あなたの本当に欲しい切子探しの参考になれたら幸いです。
その江戸切子、本物?
切子とは、ガラスの表面に溝を切るなどして様々な文様を彫り込む装飾加工法のことです。また、英語ではカットガラス(cut glass)と言います。
そのため、単に切子、あるいは切子ガラスなどと言っても中身は色々あるのです!
例えば、伝統工芸品でなかったり、機械で作っていたり、海外産だったり…色々あります。しかも、それと共に様々な呼ばれ方をしています。

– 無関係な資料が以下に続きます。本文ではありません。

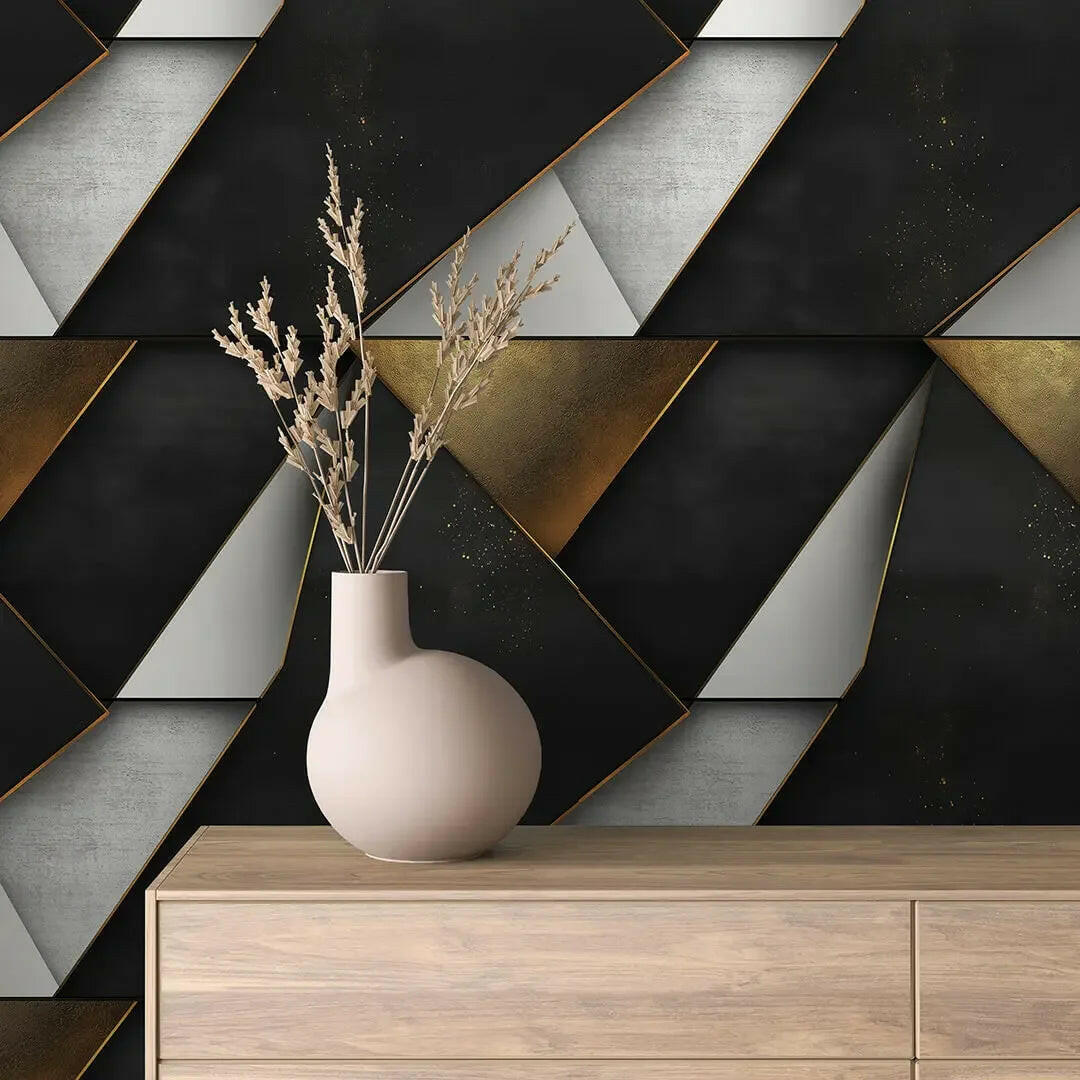 Opulent Onyx & Gold Forms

なので、江戸切子を選ぶ際はそれが本物かどうか、きちんと確かめるようにしましょう!
なお、江戸切子と名乗れるのは江戸切子協同組合の認定を受けたものだけです。
その認定条件は以下のようになっています。
- ガラスである
- 手作業
- 主に回転道具を使用する
- 指定された区域(※江東区を中心とした関東一円)で生産されている
詳しくは、江戸切子協同組合のホームページで確認してみてください。目印になるロゴも載っています。
⇨ 江戸切子協同組合
それと、江戸切子は必ずしも色付きとは限りません。スキと呼ばれる透明な江戸切子もあります。
なぜなら、江戸切子は、ガラスに文様を彫り込む技術やその模様そのものを指すからです。
むしろ、江戸時代には透明なものが主流でした!
ちなみに…色付きは色被せ(いろきせ)と呼ばれています。
江戸切子の素材
江戸切子に使われるガラスには、ソーダガラスとクリスタルガラスがあります。
【ソーダガラス】
並生地とも呼ばれる、一般的なガラス素材です。
なので、クリスタルガラスよりも透明度や輝きは劣り、値段も安価です。
しかし、硬さ(丈夫さ)の面では上なので、値段も含めて普段遣いにはもってこいです!
【クリスタルガラス】
透明感や輝きに優れ、しかも重厚感もあります。まさに高級品♪
また、柔らかく加工がしやすいので、繊細な模様が彫り込まれていることが多いです。
また、氷を入れたときの澄んだ金属音も良いとされます。
しかし、欠けたり傷が付きやすいのでお手入れには注意が必要です!
また、よく大量に出回っているのはセミクリスタルといって、本クリスタルよりも質が落ちてしまいます。なので、クリスタルガラスの中でもランクがあるのを覚えておいてください。
手仕事の量は?
伝統工芸品において、その制作費用に大きな割合を持つのが人件費です!
つまり、職人さんがいっぱい関わればそれだけ高くなってしまうのです…
それでどこらへんで違いが生まれてくるのかと言うと、以下の3つの作業になります。
- 器を作る作業
- 模様を彫り込み作業
- 仕上げの磨き作業
まずガラスを整形する作業で、より大量生産に向いた成形方法を取るか、一点物を作るのに向く成形方法を取るかで値段が変わってきます。
また、その成形方法は作る器に適した方法が選ばれるので、器の形も値段を決める一つの要素と言えます。
そして、何より値段の違いを生むのが、どれくらい複雑な文様を彫り込んだかです!
比較的よく目にするような簡単な模様は安く、非常に入り組んだ芸術性の高い複雑な文様は高くなります。この違いによって、高級品は見ただけで別格だなといった感じがします♪
やはり、彫り込む模様の手間暇に比例して値段が上がっていくのです。
そして、もう一つは仕上げの磨き作業です。それと、ここは各社のこだわりがより反映されます。
この仕上げの磨き作業は、大きく分けて薬品を使う方法(酸磨き)と手作業で磨く方法の2つです。
ただ、どちらの方法で磨いたから高くなる訳ではなく、どれくらい丁寧に仕上げたかで値段が変わります!
また、この仕上げの方法によって切子の表情が変わるので、高級品を選ぶのならココもこだわって選びたいポイントです。
良いモノをちゃんと選ぼう!
結局の所、同じ形のグラスで値段に違いが出る決め手となる要因は次の2つです。
- クリスタルガラスかソーダガラスか?
- 模様がどれくらい複雑か?
しかし、それ以外にもガラスの成形方法や仕上げ作業が関わってくることもあります。
特に高級品を選ぶのなら、このあたりにもこだわったほうが面白いでしょう。
ただし、値段が高ければ自分の望んでいるものかというと、そうとは限りません。例えば、ガラスの素材で指摘した通り安いソーダガラスのほうが普段遣いには向いているのです。
果たして芸術性と実用性のどちらを優先すべきか、これは江戸切子に限らず多くの伝統工芸品が抱える悩みでもあります。
なので、自分がそれをどの様に使うのか?よ〜く考えて選ぶようにして下さいねッ!